20 September 2014

Thunder and sudden rain. Summer is going out with a bang. I am restless and tired, or rather: I am tired but I have things to do and should get a move on. 

I am supposedly subtitling a video in two languages. By now, I have watched it about a thousand times. It is an excellent short documentary about the right to food and women peasant farmers - who have been feeding the majority of the planet's population for ever. Yes, the majority of the planet's population. Not a bad job.
Over and over I watch the clips of these women, African, Asian, Latin American, digging, watering, harvesting, smiling, talking. About cooperation, family, childcare, seed sharing, organisation and mutual support. This is where I usually stop the tape and take a deep breath. For a brief moment I feel a strong sense of family, of being connected. I want to cheer and shout, women peasant farmers are feeding the world!
But of course there is more to come, the usual terminology: land access, tenure rights, gender discrimination, corruption, caste systems, land grabbing, biofuel corporations, palm oil plantations, struggle, evictions, globalisation and so on.
Enough to make any woman weep.

Yesterday, a friend involved in immunology research sent me some new findings about fatigue as a symptom of autoimmune disease and how to properly diagnose it and thus treat it more effectively. Actually, the bit about treatment is rather short, a mere suggestion to be active when you can. Suggested activities include walking and cycling. Start at an easy pace and gently build up some stamina, it says. Yet nothing about the reverse scenario for former ardent cyclists for whom even thinking about a bicycle feels like too much of a physical effort. It all ends with an appeal to not ignore fatigue. Nice one.
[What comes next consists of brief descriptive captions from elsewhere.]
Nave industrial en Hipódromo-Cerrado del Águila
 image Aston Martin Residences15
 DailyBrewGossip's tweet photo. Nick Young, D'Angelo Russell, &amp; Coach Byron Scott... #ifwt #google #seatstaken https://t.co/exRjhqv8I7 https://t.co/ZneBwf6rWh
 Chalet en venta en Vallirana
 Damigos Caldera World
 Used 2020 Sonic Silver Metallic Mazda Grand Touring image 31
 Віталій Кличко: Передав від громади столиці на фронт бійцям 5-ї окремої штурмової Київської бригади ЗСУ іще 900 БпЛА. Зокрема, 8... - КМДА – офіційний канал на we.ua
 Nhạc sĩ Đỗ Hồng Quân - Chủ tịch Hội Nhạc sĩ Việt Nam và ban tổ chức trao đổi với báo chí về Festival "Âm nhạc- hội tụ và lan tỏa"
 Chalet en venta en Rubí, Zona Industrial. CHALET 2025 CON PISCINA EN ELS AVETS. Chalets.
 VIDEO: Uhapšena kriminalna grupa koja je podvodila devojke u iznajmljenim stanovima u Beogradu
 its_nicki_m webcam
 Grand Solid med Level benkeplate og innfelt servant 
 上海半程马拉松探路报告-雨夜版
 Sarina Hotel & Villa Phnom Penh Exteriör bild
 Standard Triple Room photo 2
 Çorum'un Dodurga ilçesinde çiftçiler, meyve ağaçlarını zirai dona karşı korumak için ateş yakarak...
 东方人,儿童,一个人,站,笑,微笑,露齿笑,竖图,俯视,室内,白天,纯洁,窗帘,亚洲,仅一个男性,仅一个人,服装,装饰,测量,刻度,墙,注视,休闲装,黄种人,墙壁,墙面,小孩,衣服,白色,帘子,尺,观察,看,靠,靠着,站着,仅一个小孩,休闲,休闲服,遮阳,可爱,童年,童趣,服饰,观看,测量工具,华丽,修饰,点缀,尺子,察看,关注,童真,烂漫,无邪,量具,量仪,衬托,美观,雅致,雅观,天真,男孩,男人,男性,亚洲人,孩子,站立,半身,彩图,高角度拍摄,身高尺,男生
I have no idea how these two issues connect apart from the fact that I want to rest my head on my desk and close my eyes. Which is why I am now getting up to make more coffee.









3 comments:

Ms. Moon said...

I am right now taking a break from weeding, my chickens have been gathering around me to eat the bugs and seeds which appear as I pull. This feels to me to be the most basic and right thing. It must be in my DNA, just as it is in my husband's DNA to hunt meat. Neither of us need to do these things. I do not have to grow food. I can buy it. I do not need to keep chickens- we don't even eat that many eggs. But. From the dirt and the chicks spring riches that nothing else can compare to. For me, at least.
I am so grateful to be able to do these things, even as an expensive hobby, because I have a need for them in my soul. I feel linked to women everywhere.
Fatigue- oh, how easy for someone who has never experienced it to make such suggestions. It is like someone who has never experienced anxiety or depression making pronouncements about those things. It is like a man telling a woman what she should and should not be able to do with her body.
You know yourself. You know what you can and cannot do. You know how to live your life as best you can.

JO said...

If it helps, I hope you can remind yourself that telling comfortable western women that their less fortunate sisters wade through paddy fields just so we can eat rice is important!

37paddington said...

Your video is very important. Care for yourself as you must so that you keep on doing such things.